Viruses are small particles that are so tiny they cannot be seen by a regular light microscope. However, viruses can be found almost anywhere you look. Viruses specialize in carrying genetic material into all kinds of cells, including human cells. Many viruses are harmless to humans while others can cause illnesses like the cold, the flu, or COVID-19. Recently, scientists have been using viruses to deliver genes into cells to cure human diseases! This is called gene therapy. Genes are the blueprints for the proteins that make up the human body, and mistakes in a gene can cause disease. Gene therapy is a way to treat these types of diseases. To create a gene therapy, scientists cut out a virus’s genes and replace them with properly working human genes. These modified viruses can then be used to deliver healthy genes and treat disease.
What Are Viruses?
Viruses are found everywhere—they exist on your skin, in your gut, and on surfaces all around you. There are about 100 times more viruses in your body than human cells . Of the many different kinds of viruses that exist, most are harmless and exist peacefully within living organisms. There are over 140,000 different kinds of viruses found in the healthy human gut alone . Most of the viruses that you have heard of, however, cause illnesses like the flu or COVID-19. Even the common cold is often caused by a family of viruses called rhinoviruses.

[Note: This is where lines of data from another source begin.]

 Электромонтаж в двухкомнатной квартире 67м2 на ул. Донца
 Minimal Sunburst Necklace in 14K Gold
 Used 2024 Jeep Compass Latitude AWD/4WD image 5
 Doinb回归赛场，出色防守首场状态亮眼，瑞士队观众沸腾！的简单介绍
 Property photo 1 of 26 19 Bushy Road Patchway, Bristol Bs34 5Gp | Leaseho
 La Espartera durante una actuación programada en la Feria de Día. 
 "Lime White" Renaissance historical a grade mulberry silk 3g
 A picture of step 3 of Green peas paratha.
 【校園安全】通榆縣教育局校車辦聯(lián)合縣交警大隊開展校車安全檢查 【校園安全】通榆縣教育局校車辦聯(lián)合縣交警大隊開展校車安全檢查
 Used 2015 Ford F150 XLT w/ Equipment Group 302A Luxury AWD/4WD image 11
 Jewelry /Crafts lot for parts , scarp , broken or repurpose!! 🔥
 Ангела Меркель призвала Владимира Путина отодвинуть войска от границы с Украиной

A virus is a tiny particle made of a protein shell, containing its own genetic material (Figure 1A). A virus’s main purpose is to make more copies of itself, and it does this by hijacking a cell, delivering its genetic material into the cell, and forcing the cell to create virus copies (Figure 1B). DNA is the genetic material that contains the instructions, like a set of blueprints, for how to make all the proteins in the body. Proteins are complex molecules, and different proteins have different purposes and functions, including making up the shell of a virus or carrying out important work inside a cell. Sections of the DNA that contain the instructions for how to make individual proteins are called genes.
Although a virus has its own genetic material, it does not have the proper machinery for reading genes and creating its own proteins. This is why viruses must infect cells—they rely on the protein factories inside the cells they infect. The human cell has a hard time telling its own genes apart from a virus’s genes, so the cell mistakenly reads the virus’s genes and produces viral proteins along with human proteins. That is why viruses are not considered living organisms—they cannot multiply on their own, without infecting a cell.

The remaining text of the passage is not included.